* TASK INSTRUCTIONS *
What you should give back is every line from the one containing "усадьба Быково, пресс-релиз" through the last line of the records below, word for word and without pictures.

PROVIDED RECORDS below:

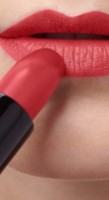 Помада для губ Artdeco Perfect Mat Lipstick 116 фото №2 — интернет-магазин Desire.md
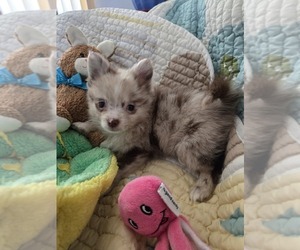 Chiranian Puppy for Sale in OCALA, Florida USA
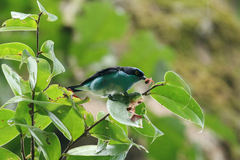 Dacnis lineata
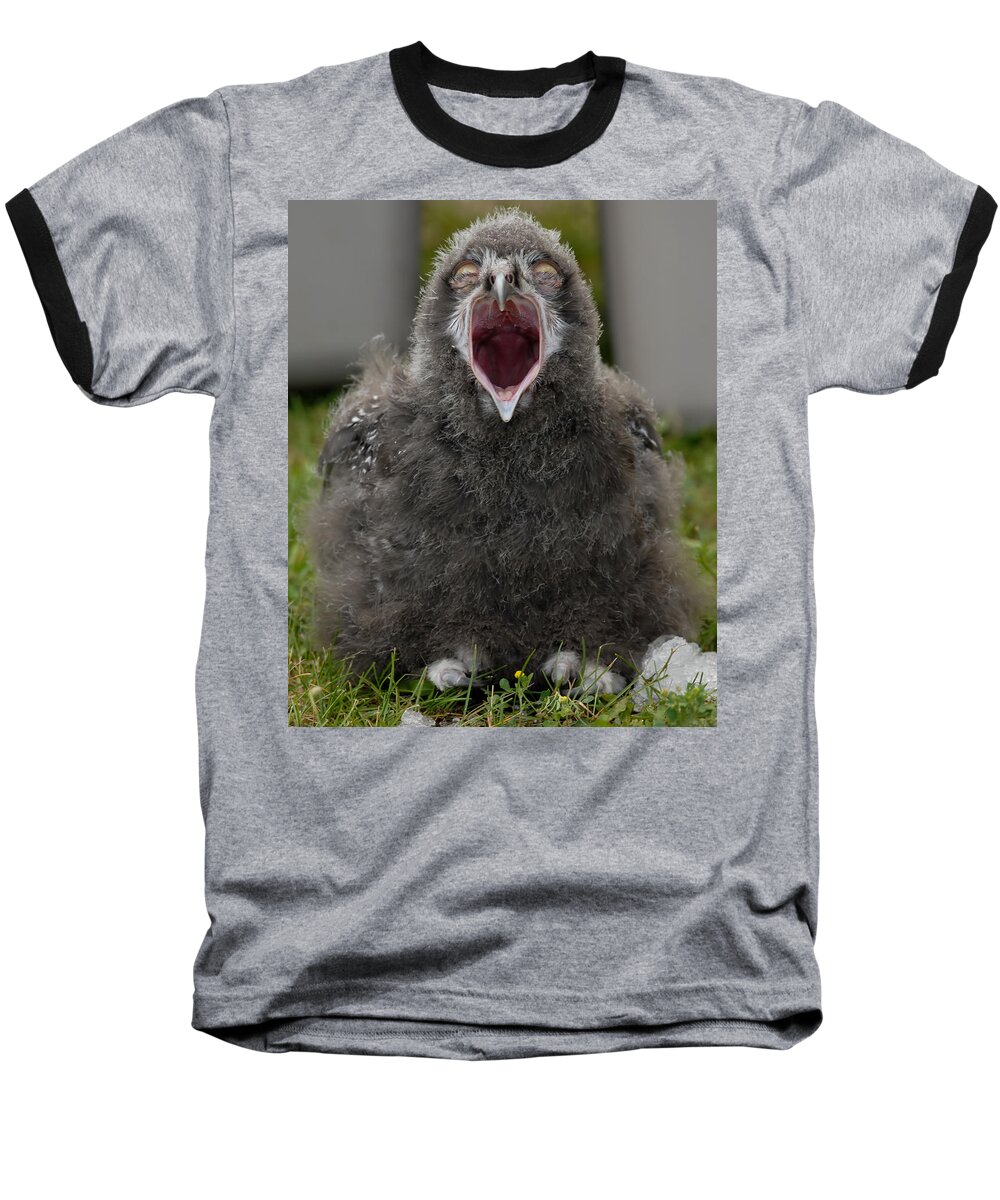 Snowy Owl Baby Baseball T-Shirt featuring the photograph Baby Snowy Owl #2 by JT Lewis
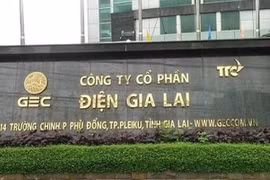 Điện Gia Lai nợ phải trả chiếm gần 70% cơ cấu nguồn vốn, bị phạt và truy thu thuế 215 triệu đồng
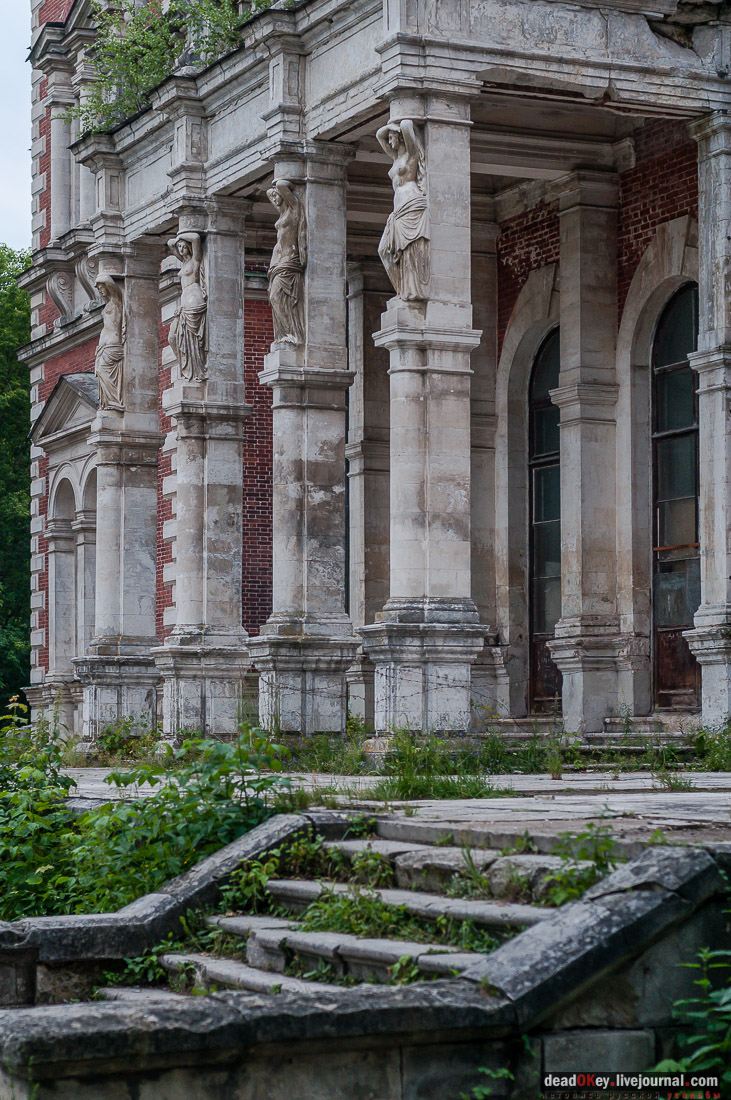 усадьба Быково, пресс-релиз встречи волонтеров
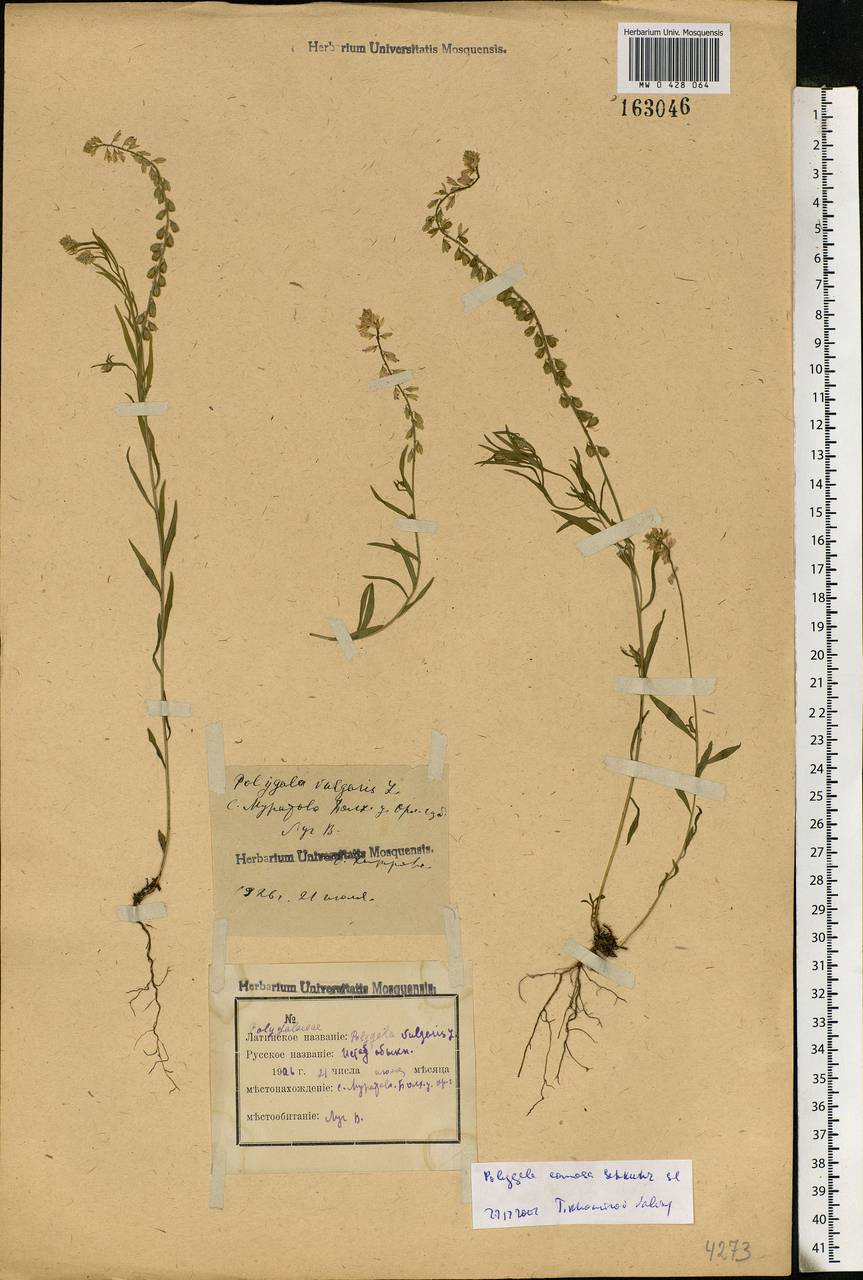 Polygala comosa, Eastern Europe, Central forest-and-steppe region (E6) (Russia)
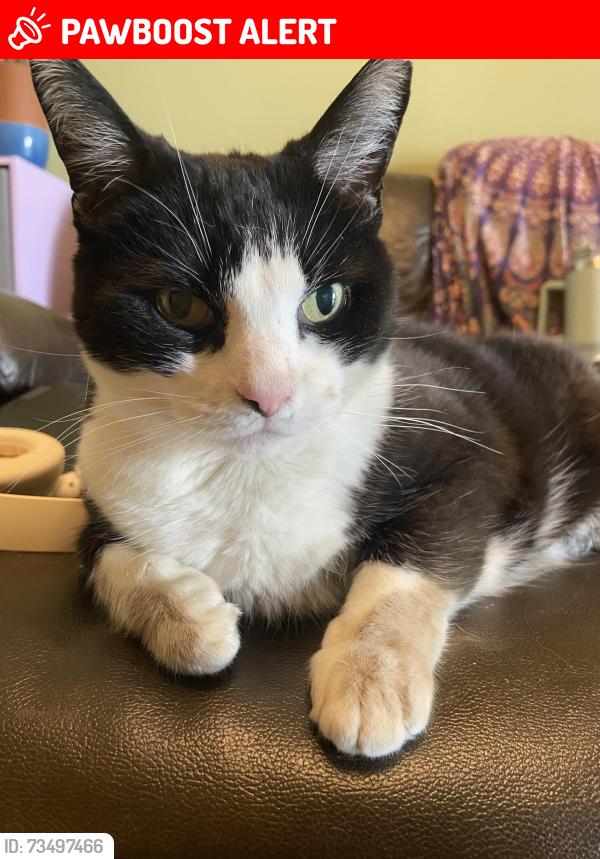 Lost Female Cat last seen Oak Road in my garden, Hampshire, England PO15 5HY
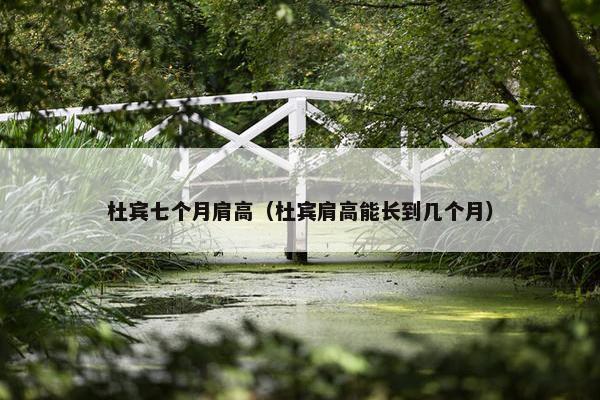 杜宾七个月肩高（杜宾肩高能长到几个月）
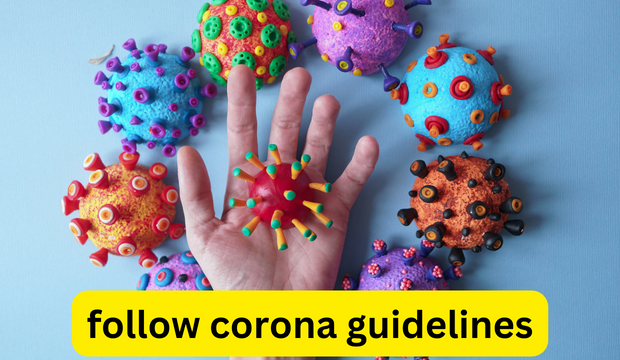 New variant of Corona JN.1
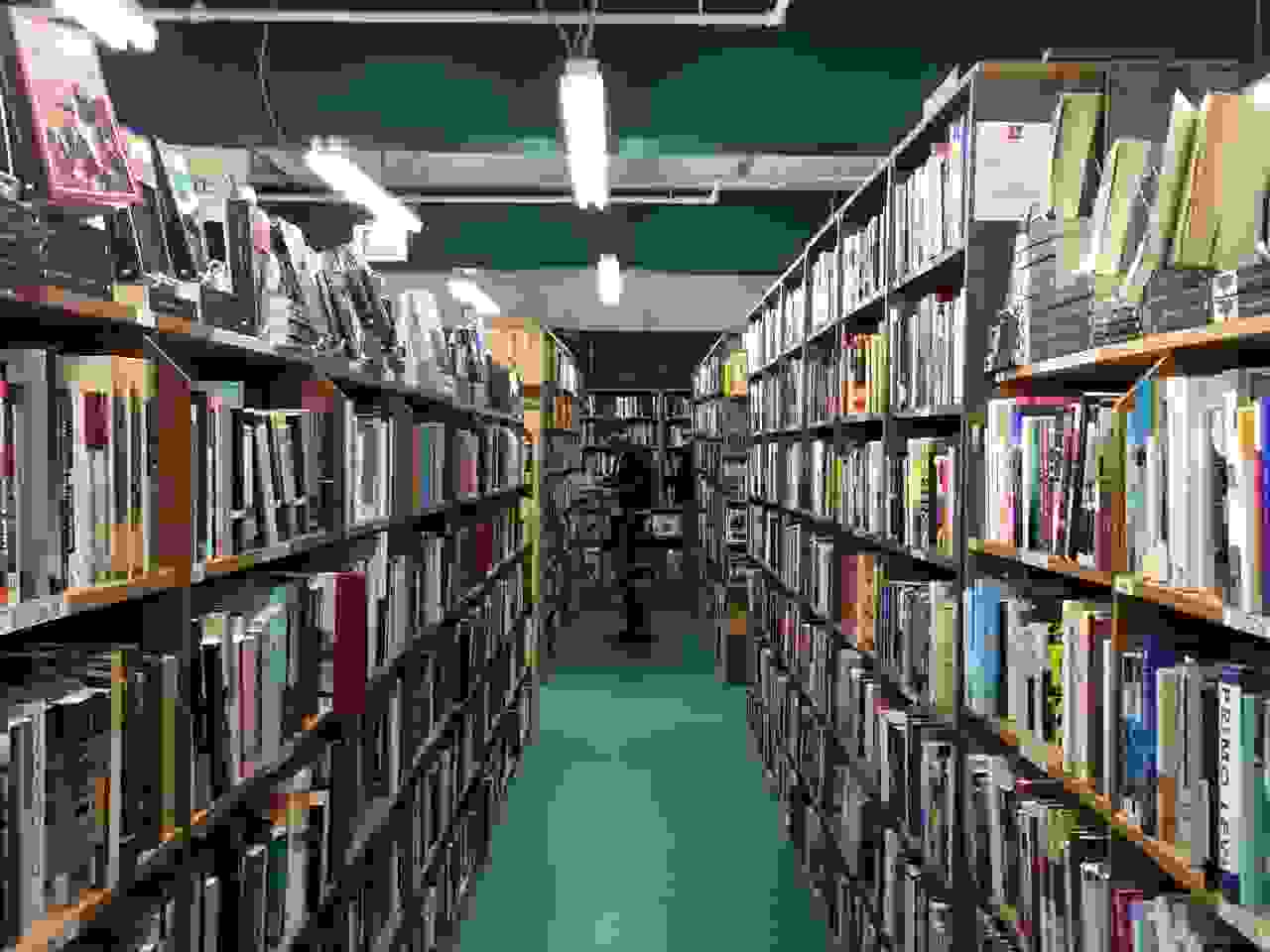 kindle bookstore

End of PROVIDED RECORDS.

* RESULT OF THE EXERCISE *
 усадьба Быково, пресс-релиз встречи волонтеров
 Polygala comosa, Eastern Europe, Central forest-and-steppe region (E6) (Russia)
 Lost Female Cat last seen Oak Road in my garden, Hampshire, England PO15 5HY
 杜宾七个月肩高（杜宾肩高能长到几个月）
 New variant of Corona JN.1
 kindle bookstore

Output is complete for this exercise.